== What needs to be done ==
Print nothing but the lines from the start of the listing below through the line that contains "Links Dreh-Straße-Schildkrötenglas Schnapsglas". Do not include the pictures.

== Data records ==
/---

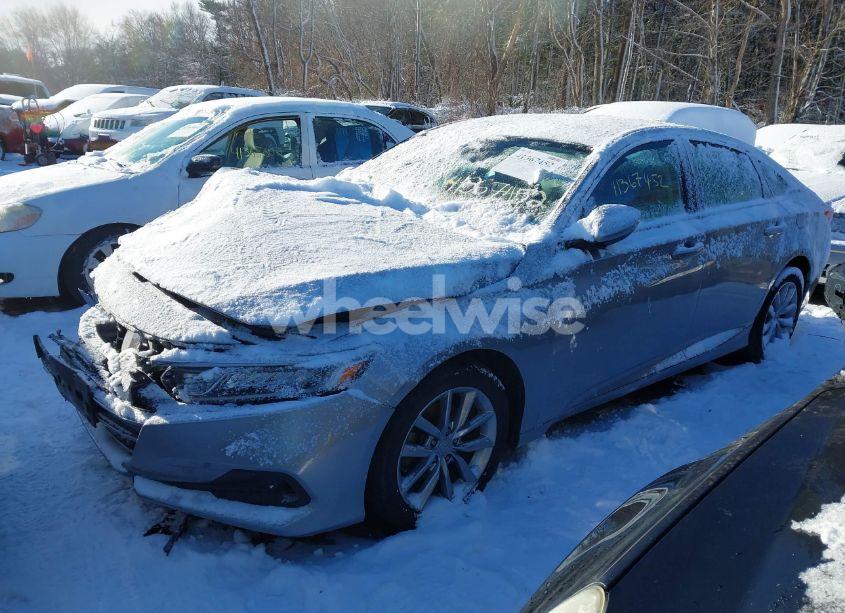 Photo 2 of 2021 Honda Accord LX (VIN 1HGCV1F10MA051942)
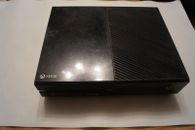 Microsoft Xbox One 500GB nur schwarze Konsole MODELL 1540 GEBRAUCHT GETESTET & FUNKTIONIERT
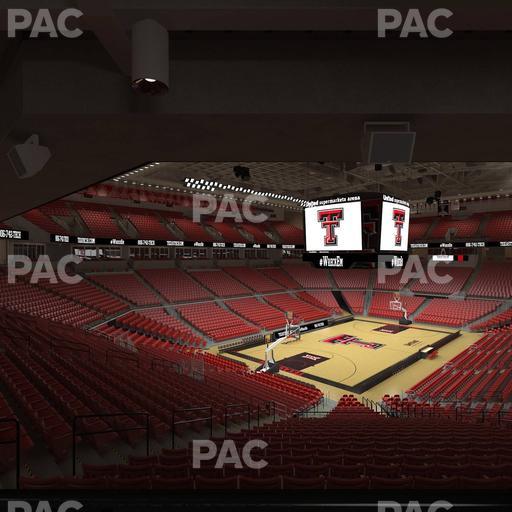 United Supermarkets Arena - Section 105 Seat View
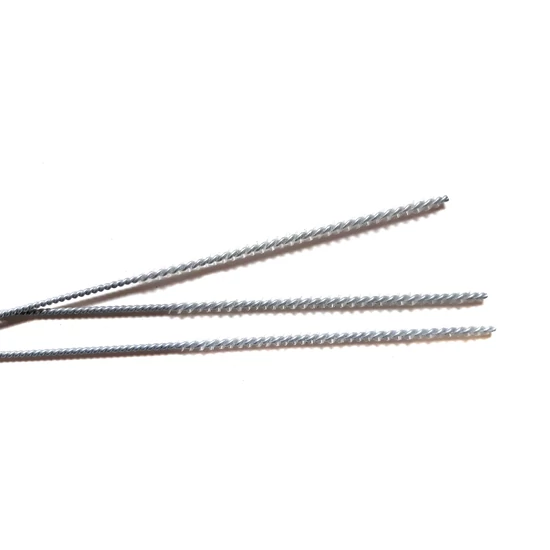 Csőkefe D 4 100/300 nylonLess (Mű.a. huzalú csőkefe) Lessmann (Akciós) 45080027
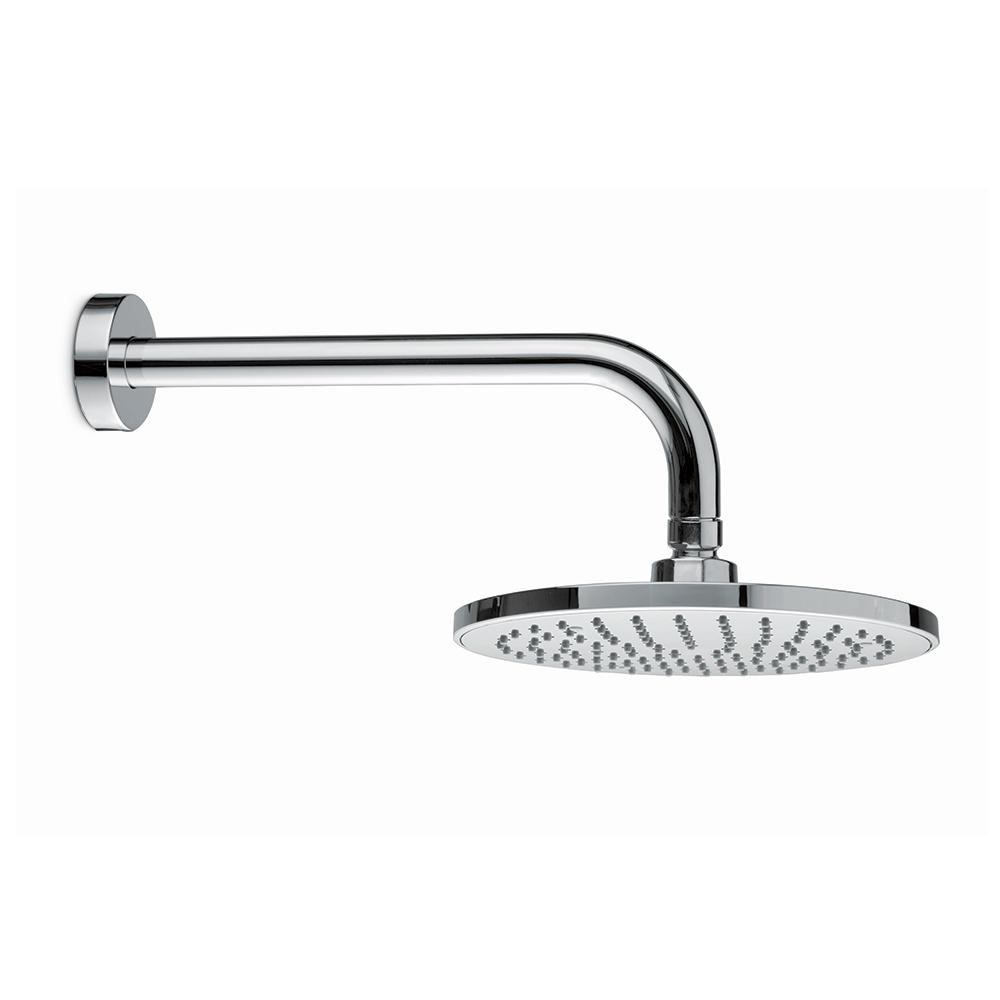 Душевая лейка PIANO "тропический дождь" с кронштейном, хром глянец ZZ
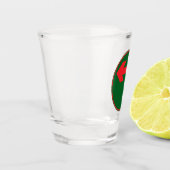 Links Dreh-Straße-Schildkrötenglas Schnapsglas (Links)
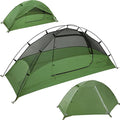 Clostnature 1 Person Backpacking Tent – Waterproof Lightweight 3 Season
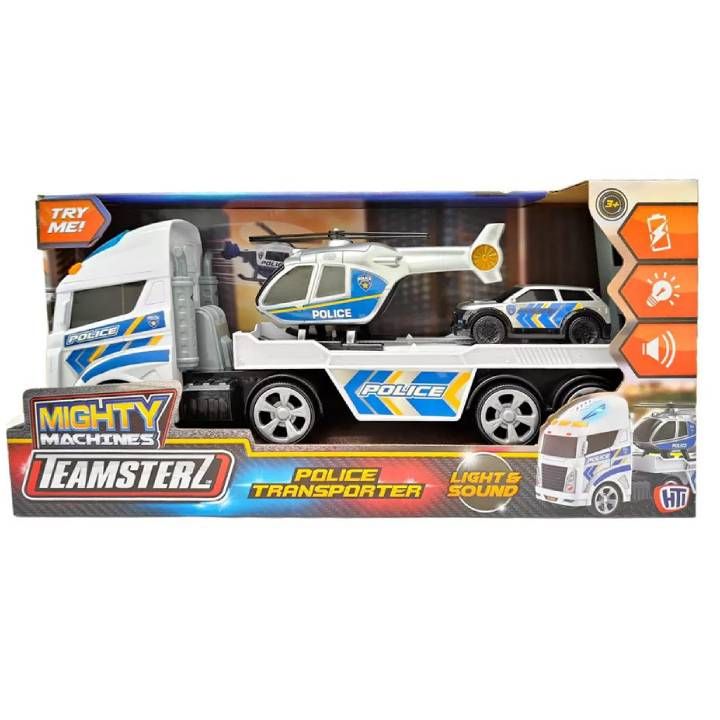 hti-toys-teamsterz-police-transporter-mighty-machines-satamasho-gadamzidi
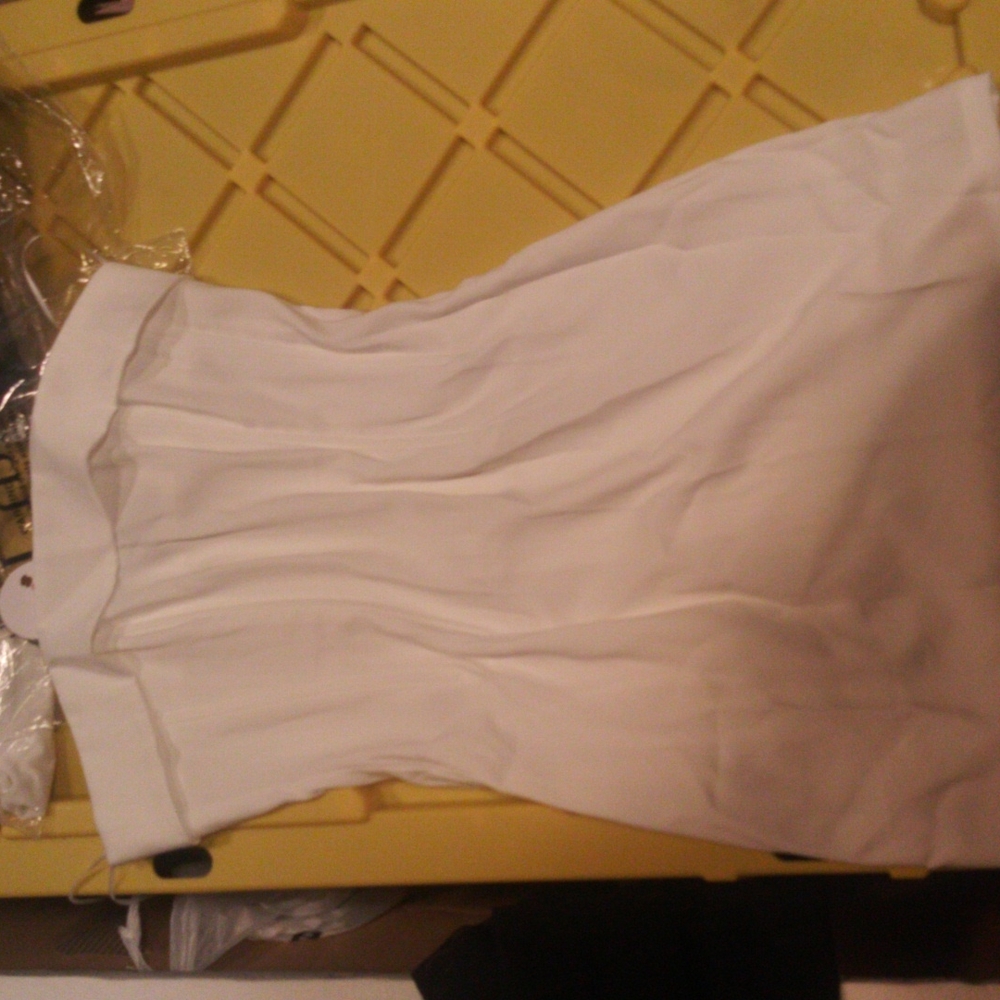 White dress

\---

== Worked solution ==
 Photo 2 of 2021 Honda Accord LX (VIN 1HGCV1F10MA051942)
 Microsoft Xbox One 500GB nur schwarze Konsole MODELL 1540 GEBRAUCHT GETESTET & FUNKTIONIERT
 United Supermarkets Arena - Section 105 Seat View
 Csőkefe D 4 100/300 nylonLess (Mű.a. huzalú csőkefe) Lessmann (Akciós) 45080027
 Душевая лейка PIANO "тропический дождь" с кронштейном, хром глянец ZZ
 Links Dreh-Straße-Schildkrötenglas Schnapsglas (Links)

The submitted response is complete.